As the Virohan made their way forward from the after cabin, I joined Cook at the stem. Together we helped the Virohan over the side and handed their packages over to them. When all the packages were handed over and had been carried up the beach a ways, the head Virohan paused before going over the side.
From within his robes he drew forth a pouch. “The rest of the fee, as agreed.” I nodded, taking the pouch. “You can check it, I’ll not be offended.”
“I think I can trust you.”
He nodded. “For the voyage, our thanks. For your protection, our thanks. But for your knowledge, our greater thanks, Captain.”
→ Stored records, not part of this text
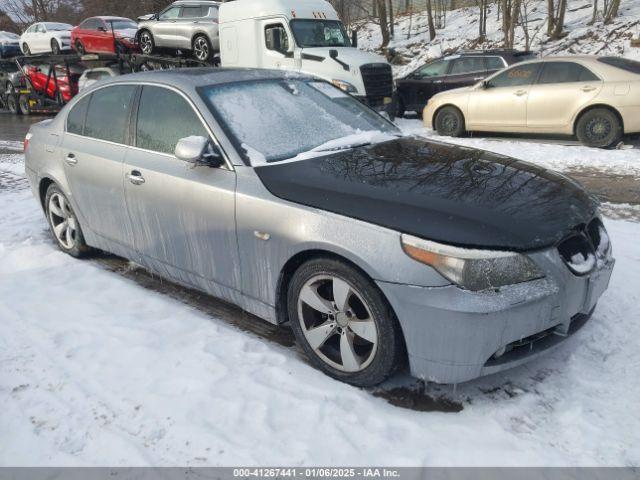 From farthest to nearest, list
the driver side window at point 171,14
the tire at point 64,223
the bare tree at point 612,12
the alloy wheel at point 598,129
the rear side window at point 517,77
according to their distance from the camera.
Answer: the bare tree at point 612,12 → the driver side window at point 171,14 → the rear side window at point 517,77 → the alloy wheel at point 598,129 → the tire at point 64,223

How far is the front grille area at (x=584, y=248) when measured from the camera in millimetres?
2773

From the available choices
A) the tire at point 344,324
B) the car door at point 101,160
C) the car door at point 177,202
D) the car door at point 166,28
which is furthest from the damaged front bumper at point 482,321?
the car door at point 166,28

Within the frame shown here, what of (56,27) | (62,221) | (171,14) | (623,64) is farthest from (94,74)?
(623,64)

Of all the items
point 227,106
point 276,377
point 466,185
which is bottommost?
point 276,377

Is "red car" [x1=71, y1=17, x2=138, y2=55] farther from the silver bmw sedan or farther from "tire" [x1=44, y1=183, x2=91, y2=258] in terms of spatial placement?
the silver bmw sedan

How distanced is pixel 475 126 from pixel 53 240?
27.3 feet

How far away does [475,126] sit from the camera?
1095 cm

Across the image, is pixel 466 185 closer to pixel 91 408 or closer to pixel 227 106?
pixel 227 106

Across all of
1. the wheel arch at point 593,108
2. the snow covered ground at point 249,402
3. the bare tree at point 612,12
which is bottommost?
the snow covered ground at point 249,402

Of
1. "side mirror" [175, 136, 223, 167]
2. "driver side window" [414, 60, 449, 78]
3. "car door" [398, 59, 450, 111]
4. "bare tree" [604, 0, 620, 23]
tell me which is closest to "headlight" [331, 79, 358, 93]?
Answer: "car door" [398, 59, 450, 111]

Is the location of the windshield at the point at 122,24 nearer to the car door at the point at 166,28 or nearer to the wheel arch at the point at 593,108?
the car door at the point at 166,28

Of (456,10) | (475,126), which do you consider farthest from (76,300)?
(456,10)

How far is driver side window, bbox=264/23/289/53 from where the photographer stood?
12164 millimetres

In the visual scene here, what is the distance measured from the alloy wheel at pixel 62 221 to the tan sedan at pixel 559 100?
325 inches
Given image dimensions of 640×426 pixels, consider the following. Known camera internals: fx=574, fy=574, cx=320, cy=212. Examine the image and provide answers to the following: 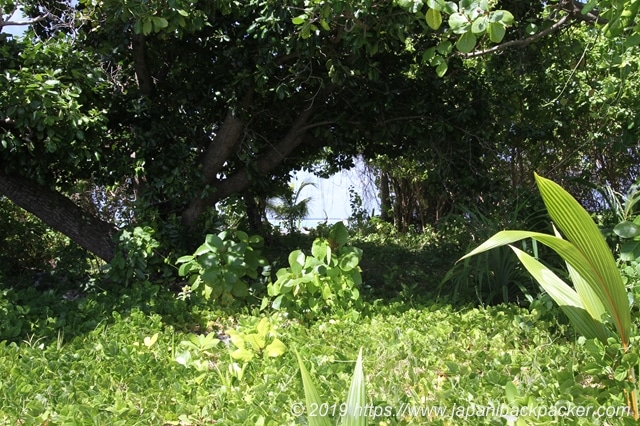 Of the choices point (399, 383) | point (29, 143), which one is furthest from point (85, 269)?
point (399, 383)

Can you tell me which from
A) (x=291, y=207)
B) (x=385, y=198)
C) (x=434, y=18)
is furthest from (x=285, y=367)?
(x=385, y=198)

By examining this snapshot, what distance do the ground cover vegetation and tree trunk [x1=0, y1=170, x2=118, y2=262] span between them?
2cm

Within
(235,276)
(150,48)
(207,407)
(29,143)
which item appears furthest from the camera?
(150,48)

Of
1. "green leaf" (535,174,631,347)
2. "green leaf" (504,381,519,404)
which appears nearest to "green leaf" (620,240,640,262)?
"green leaf" (535,174,631,347)

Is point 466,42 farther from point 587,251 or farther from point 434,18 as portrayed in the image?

I nodded my acknowledgment. For a moment longer he stood there looking at me. Then he smiled and slapping his hand hard on the rail he went over the side. I watched them move up the sand and turned to call for Xinu to bring the poles so we could push off. Cook nudged me and nodded at the rail. Where the Virohan had slapped his hand was a rune-mark. I looked at it, rubbing it thoughtfully. It was marked into the wood but there was no feel other than the smooth wood of the railing. I looked up at the trees just in time to see the Virohan turn and wave farewell before disappearing into the shadows. I turned and began giving the orders to take us off the beach.
It seemed that Pa’adhe came off the beach easier than usual. It seemed, too, that as we sailed out of the bay she was somehow more alive, more vibrant, more responsive. I shook my head. It’s nothing. I’m just happy to be sailing. But I knew, deep down, it was more than that. I went forward and looked at the rune-mark again.
Pa’adhe, I knew, had been truly blessed.